YOUR TASK: The entries that follow need to be printed exactly as they are, minus any pictures.

PROVIDED ENTRIES:
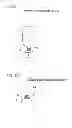 Fig. 06 - Beverage filling method and apparatus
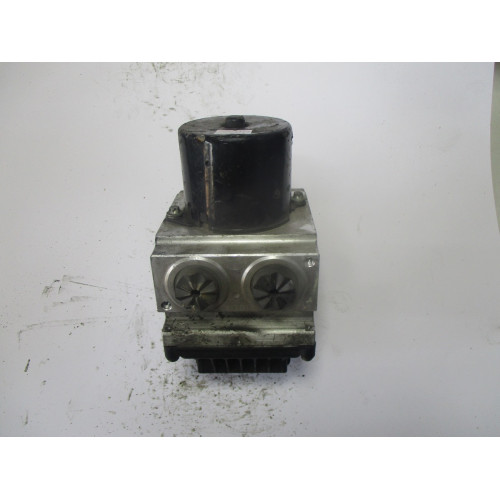 Volkswagen Passat ABS Beyni 3C0614095S 16332402 16332502-A 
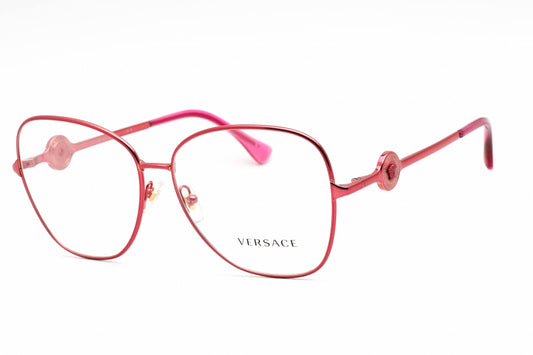 Versace 0VE1289-1500 57mm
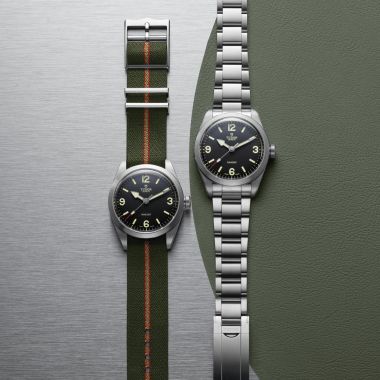 @juwelierduehrkoop 25.04.2026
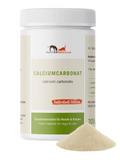 Calciumcarbonat 200 g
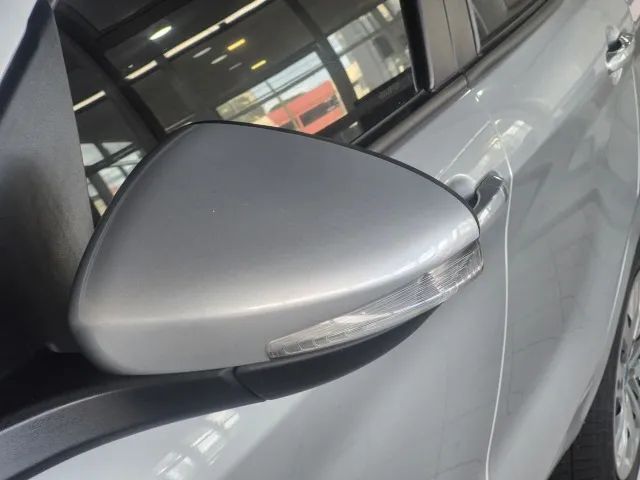 Fiat Cronos Drive 1.3 8V Flex 2025 - Foto 5
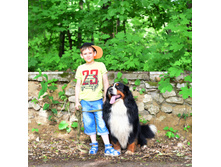 ���������� � ������������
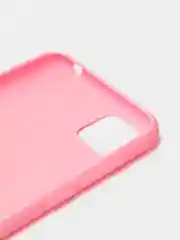 Розовый чехол Huawei Honor 9S/Y5P,9A,9C,30,7A,7A PRO,8X,8A,10Lite,9X,9Lite,p30Lite,10i,y8p
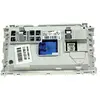 Image de Module Proramme Hotpoint, Indesit, Whirlpool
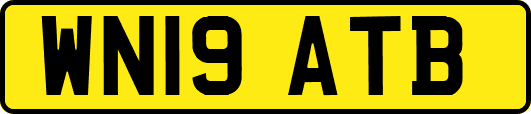 WN19ATB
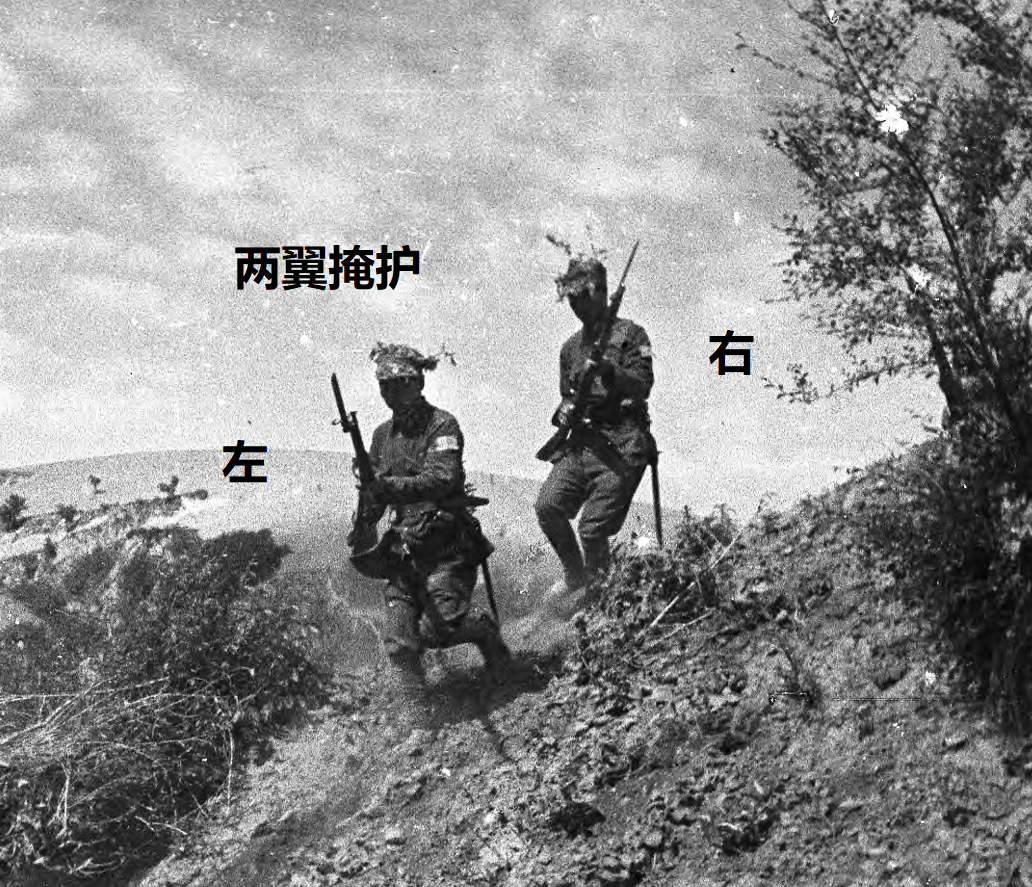 克罗托内球队深陷保级泥潭,迫切需要转变战术,势不可挡的简单介绍 克罗托内球队深陷保级泥潭,迫切需要转变战术,势不可挡的简单介绍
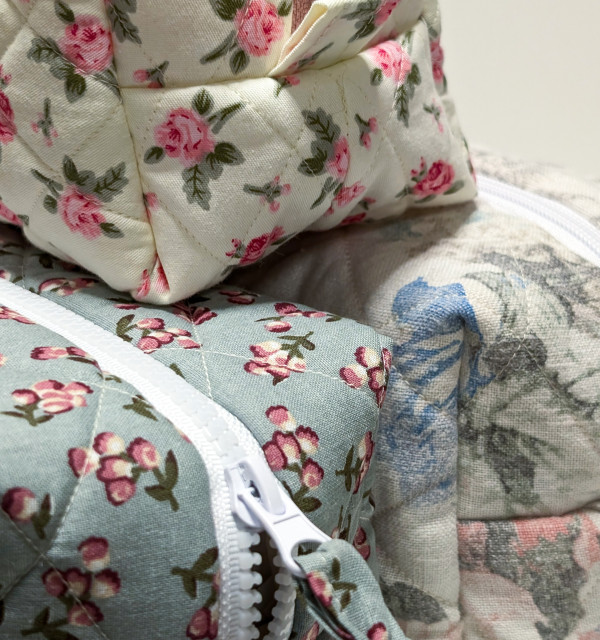 Косметички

ANSWER FOR THE TASK:
 Fig. 06 - Beverage filling method and apparatus
 Volkswagen Passat ABS Beyni 3C0614095S 16332402 16332502-A 
 Versace 0VE1289-1500 57mm
 @juwelierduehrkoop 25.04.2026
 Calciumcarbonat 200 g
 Fiat Cronos Drive 1.3 8V Flex 2025 - Foto 5
 ���������� � ������������
 Розовый чехол Huawei Honor 9S/Y5P,9A,9C,30,7A,7A PRO,8X,8A,10Lite,9X,9Lite,p30Lite,10i,y8p
 Image de Module Proramme Hotpoint, Indesit, Whirlpool
 WN19ATB
 克罗托内球队深陷保级泥潭,迫切需要转变战术,势不可挡的简单介绍 克罗托内球队深陷保级泥潭,迫切需要转变战术,势不可挡的简单介绍
 Косметички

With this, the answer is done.